Barça and Real also have an advantage in that they receive a hugely disproportionate share of the revenues from televising La Liga, the Spanish premier league.

How has a club that is based in one of Europe’s unemployment blackspots turned itself into the ruling power in the world’s most popular sport?

Barça has provided a distinctive solution to some of the most contentious problems in management theory. What is the right balance between stars and the rest of mankind? Should you buy talent or grow your own? How can you harness the enthusiasm of consumers to promote your brand? And how do you combine the advantages of local roots and global reach?

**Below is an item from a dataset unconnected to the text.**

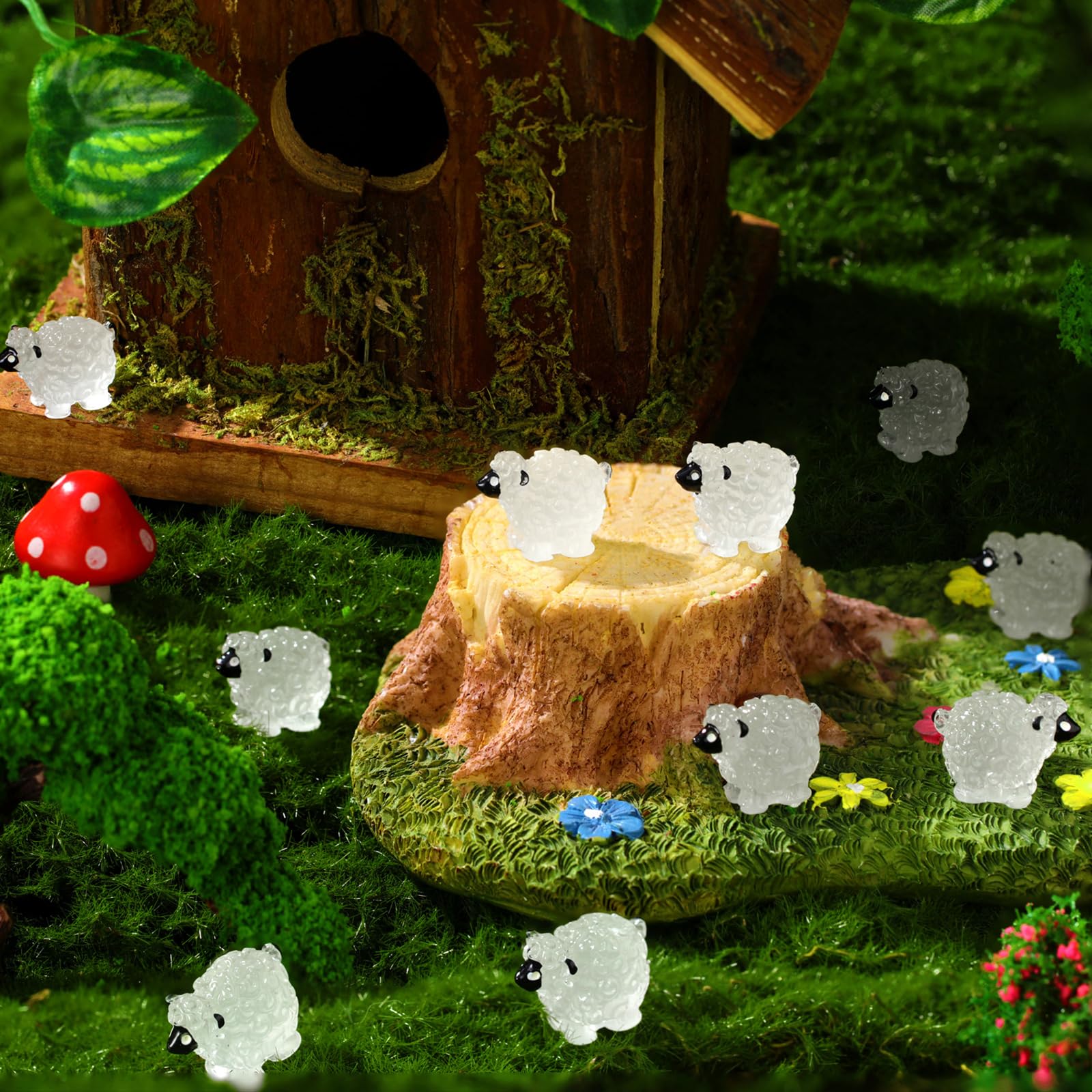 Suzile durable resin sheep figurines suitable for DIY mini landscapes.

Barça puts more emphasis than any other major team on growing its own players. Other football teams often resemble the United Nations. Barça, by contrast, is still dominated by local players, and Catalan is often spoken in the dressing room. Eight of the team’s leading players are products of its football school, La Masia.

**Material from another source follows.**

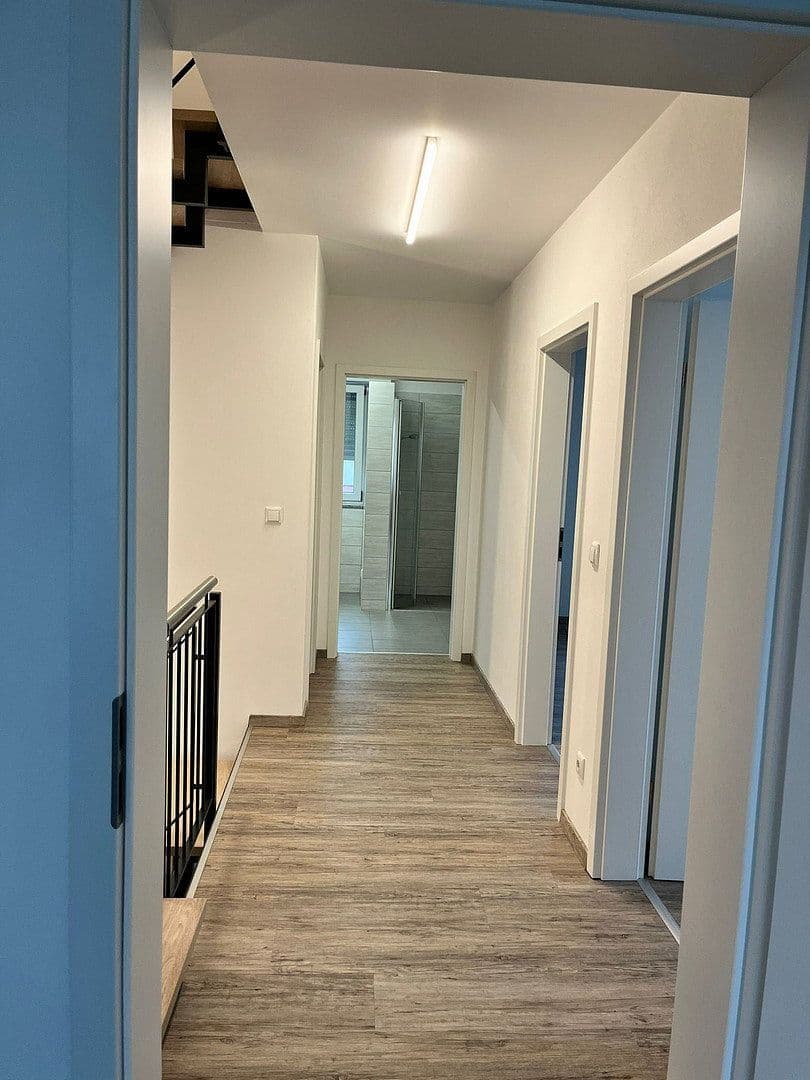 Pronájem domu 140 m², pozemek 140 m², Sütterlinstraße 2a, Schwandorf, Bavorsko Pronájem domu 140 m², pozemek 140 m², Sütterlinstraße 2a, Schwandorf, Bavorsko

It is a boarding school that puts as much emphasis on character-training as on footballing skills. The students are relentlessly instructed in the importance of team spirit, self-sacrifice and perseverance. They are also taught that Barça is “more than a club”: it is the embodiment of Catalan pride that kept the region’s spirit alive during the years when Spain groaned under the fascist Franco regime. Fans regularly sport banners proclaiming that “Catalonia is not Spain”.

Barça has used the idea that it is “more than a club” to cultivate a two-way relationship with its fans. It is owned by its members (socis in Catalan), who now number 150,000, rather than by shareholders or foreign tycoons. The management is answerable to an assembly that consists of 2,500 randomly chosen socis and the 600 most senior members. The club supports many sports other than football and runs a popular museum in Barcelona.

Barça’s management style chimes in with the thinking of two admired theorists. Boris Groysberg, of Harvard Business School, has warned that companies are too obsessed with hiring stars rather than developing teams. He conducted a fascinating study of successful Wall Street analysts who moved from one firm to another. He discovered that company-switching analysts saw an immediate decline in their performance. For all their swagger, it seems that their success depended as much on their co-workers as their innate talents. Jim Collins, the author of “Good to Great”, argues that the secret of long-term corporate success lies in cultivating a distinctive set of values.

For all the talk of diversity and globalisation, this usually means promoting from within and putting down deep local roots.